Processing amplicon datasets without aligning

I work with fungal ITS sequences. Have worked with a number 454 datsets, and am now working with Illumina miseq, and thus many many more sequences (50-100 times more per run).
Can we use Mothur to bring an illumina dataset from demultiplexed fastq files to a otuXsample table without aligning?
If so, how? (The recommended illumina SOP assumes we are aligning our sequences, and it seems many of the scripts require aligned sequences)

If we need to align at certain steps for the mothur workflow to work, can we do it without using an aligned ITS database?

Thanks very much in advance for any assistance.

You can get a distance matrix for clustering using the pairwise.seqs command.

I don’t know if there’s an official mothur SOP for ITS sequences, but I think that the following steps would give you the gist of the 16S rRNA SOPs, without the need for alignment:

screen.seqs() #Remove short/bad quality sequences
remove.lineage() #Get rid of anything you consider junk.

For classification, there’s a mothur-formatted copy of the UNITE database here.
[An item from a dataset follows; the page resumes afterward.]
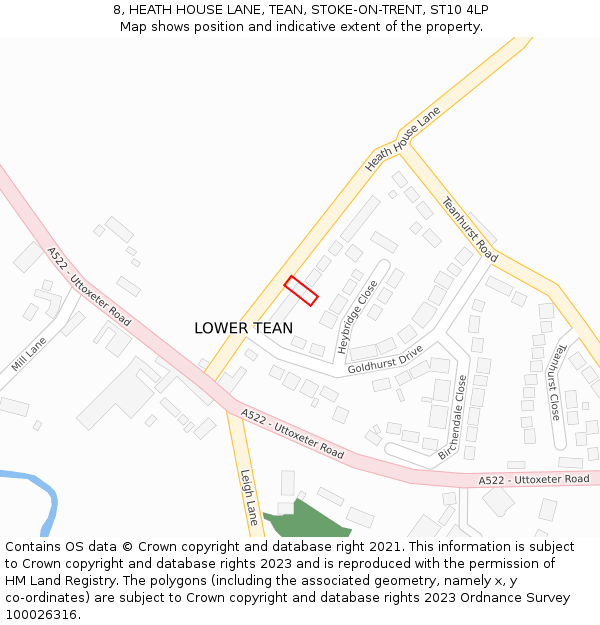 8, HEATH HOUSE LANE, TEAN, STOKE-ON-TRENT, ST10 4LP: Location map and indicative extent of plot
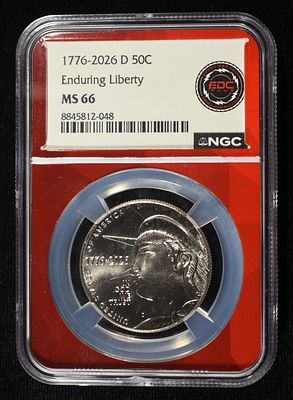 1776-2026-D 50C ENDURING LIBERTY NGC MS66. CHECK OUT OUR UPCOMING AUCTIONS ESTIMATE $100 - $150.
Thanks a lot for the reply.
It looks like though, for the amount of sequences I have pairwise.seqs is going to take weeks.
I don’t have any idea what the columns in the verbose output correspond to (the one on the right might be total number of seqs? But the one on the left moves around a great deal), so I can’t tell how far it has progressed, but it seems prohibitively slow.
do you?

If you’re worried about run time you could try an alternate clustering approach like UPARSE.

I do wonder about this a bit though. I know people on these forums (including Pat, I think) have expressed concern that because the ITS regions are fundamentally different to the 16S gene (in terms of evolutionary pressure and functional importance) it’s not appropriate to apply established 16S pipelines to them. With that in mind, you could cut the analysis time down significantly by just classifying your amplicons and building your OTU table from phylotypes instead of sequence identity (classify.seqs, phylotype, make.shared).